Le lin commence son aventure humaine il y a plus de 30 000 ans. Mais son entrée dans la marine ne date que de l’Antiquité !
Les voiles en lin étaient alors utilisées dans les navires traversant la Méditerranée. Il semble que les Egyptiens aient été les premiers à fabriquer des cordages en lin.
« Le musée des tissus de Lyon expose une voile de navire égyptien, indique Catherine Abéguilé-Petit, docteur en histoire. Cette pièce rarissime servait de tissu de bourrage à une momie anonyme, en plus des deux linceuls superposés et des bandelettes. Il s’agit d’une voile portant encore une partie du gréement, avec une cheville fixée à un anneau en bois. »
Les Phéniciens propagent le lin
La culture du lin a été diffusée en Grèce, à Rome, en Irlande, en Angleterre et en Bretagne par les Phéniciens, qui fabriquaient leurs voiles à partir de ce matériau.
« Le lin cultivé à l’époque était plus ou moins sauvage, car ces civilisations ne bénéficiaient pas des connaissances amassées en matière de sélection variétale », révèle l’historienne.

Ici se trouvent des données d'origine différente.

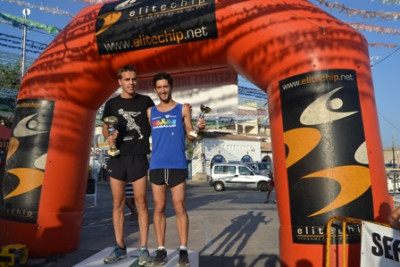 Pere Antoni Ramis guanyador de la XI Milla Urbana del Carme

Puis, en France, et notamment en Bretagne, la culture du lin, sa transformation et le commerce des toiles génèrent une intense activité économique. Malgré une concurrence féroce avec le chanvre, plus résistant et presque seul employé par les marines de commerce et royale, la Bretagne, forte productrice de lin, en exporte en Espagne et en Amérique du Sud, ce qui fait la fortune des commerçants régionaux.
Du lin dans les ports
Le lin disparaît des gréements vraisemblablement à la fin du Moyen-Age, pour réapparaître au milieu du 19e siècle. A cette époque, la Société Linière du Finistère, à Landerneau, crée une fabrique de toiles de lin : toiles à voile goudronnées, toiles à hamac, à sac et à tente, toiles rousses à vareuses, et toiles d’habillement pour les équipages et les marins.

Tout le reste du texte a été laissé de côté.